Inhibitory effects of dopamine on synaptic inputs to large lamina I neurons during dialysis of postsynaptic lamina I neurons with GDP-β-S. A, Multipolar large lamina I neuron visualized with the IR-LED illumination. B, Same cell dialyzed with 1 μm Alexa Fluor-488 and GDP-β-S (0.6 mm) identified with epifluorescence after 10 min in whole-cell configuration. The cell body is completely dialyzed with the intracellular solution containing Alexa Fluor-488 and GDP-β-S, whereas the dendrites are only partially dialyzed. C, Same cell after 30 min in whole-cell configuration. Both the cell body and the dendrites are completely dialyzed with Alexa Fluor-488- and GDP-β-S-containing intracellular solution. D, Substance P-induced current recorded at V_h = − 70 mV in the presence of 1 μm TTX. A 2 μm concentration of substance P induced a transient inward current (29 ± 16 pA) in 82% (14/17) of large lamina I neurons dialyzed for 30 min with a control intracellular solution containing 0.3 mm Na-GTP. E, A 2 μm concentration of substance P failed to induce an inward current in large lamina I neurons dialyzed for 30 min with 0.6 mm GDP-β-S (n = 9). F, Paired EPSCs recorded from the same cell as in A after 30 min in whole-cell configuration. G, A 20 μm concentration of dopamine inhibited the first EPSC by 85%, the second EPSC by 67%, and increased the PPR from 0.42 to 0.93. H, Paired EPSCs upon washing out dopamine.

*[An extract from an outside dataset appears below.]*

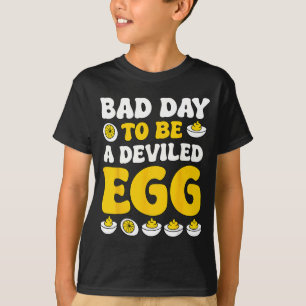 Retro Funny Thanksgiving Dinner Bad Day To Be A De T-Shirt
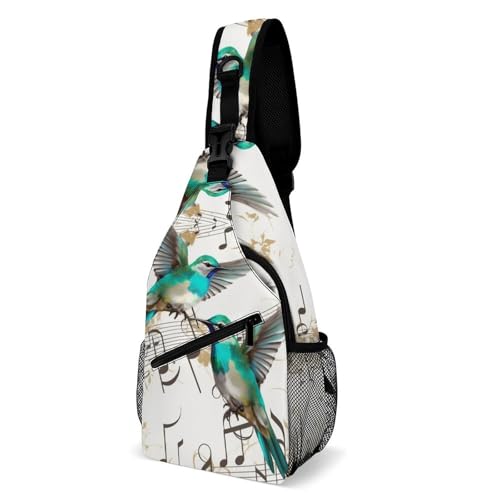 Mochila tipo sling blanca para hiking y uso casual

I, Summary data using an intracellular solution containing 0.6 mm GDP-β-S: 20 μm dopamine inhibited the first EPSC by 78 ± 13% (I) and increased the PPR from 0.68 ± 0.12 to 1.04 ± 0.21 (J) (n = 16), repeated-measures one-way ANOVA followed by Dunnett's post hoc test (*p < 0.05).

Figure 9.

D4 and D3 dopamine receptors mediate the inhibitory effects of dopamine on the EPSCs. A, Paired EPSCs recorded from a large lamina I neuron upon stimulation of the L4 dorsal root with paired stimuli (2 s apart, 500 μA, 0.1 ms duration, at 0.016 Hz). B, A 10 μm concentration of SKF 81297 (D1/D5 agonist) inhibited the first EPSC by 6%, the second EPSC by 1%, and increased the PPR from 0.57 to 0.60. C, Paired EPSCs recorded from a different large lamina I neuron upon stimulation of the L4 dorsal root with paired stimuli (2 s apart, 500 μA, 0.1 ms duration, at 0.016 Hz). D, A 10 μm concentration of PD 168077 (D4 agonist) inhibited the first EPSC by 53%, the second EPSC by 38%, and increased the PPR from 0.72 to 0.91. E, A 10 μm concentration of PD 128907 (D3 agonist) applied on top of PD 168077 inhibited the first EPSC by an additional 26%, the second EPSC by an additional 22%, and increased the PPR to 0.97. F, Summary data: 10 μm SKF 81297 inhibited the first EPSC by 14 ± 19% and changed the PPR (G) from 0.50 ± 0.22 to 0.49 ± 0.21 (n = 18). H, Summary data: 10 μm PD 168077 inhibited the first EPSC by 57 ± 14%. 10 μm PD 128907 applied on top of PD 168077 inhibited the first EPSC by an additional 12 ± 13% (n = 11), repeated-measures one-way ANOVA followed by Dunnett's post hoc test (*p < 0.05). I, Summary data: 10 μm PD 168077 increased the PPR from 0.59 ± 0.24 to 0.72 ± 0.30. 10 μm PD 128907 applied on top of PD 168077 increased the PPR to 0.90 ± 0.33 (n = 11), repeated-measures one-way ANOVA followed by Dunnett's post hoc test (*p < 0.05).

Figure 10.

Inhibitory effects of dopamine on synaptic inputs to large lamina I neurons during chronic inflammatory pain. A, Paired EPSCs recorded from a large lamina I neuron located ipsilateral to the site of CFA injection (right hindpaw) upon stimulation of the L4 dorsal root with paired stimuli (2 s apart, 500 μA, 0.1 ms duration, at 0.016 Hz). B, A 20 μm concentration of dopamine inhibited the first EPSC by 71%, the second EPSC by 39%, and increased the PPR from 0.51 to 1.02. C, EPSCs upon washing out dopamine. D, Summary data: 20 μm dopamine inhibited the first EPSC by 66 ± 10% (n = 6), repeated-measures one-way ANOVA followed by Dunnett's post hoc test (*p < 0.05). E, Summary data: 20 μm dopamine increased the PPR from 0.50 ± 0.11 to 0.83 ± 0.10 (n = 6), repeated-measures one-way ANOVA followed by Dunnett's post hoc test (*p < 0.05).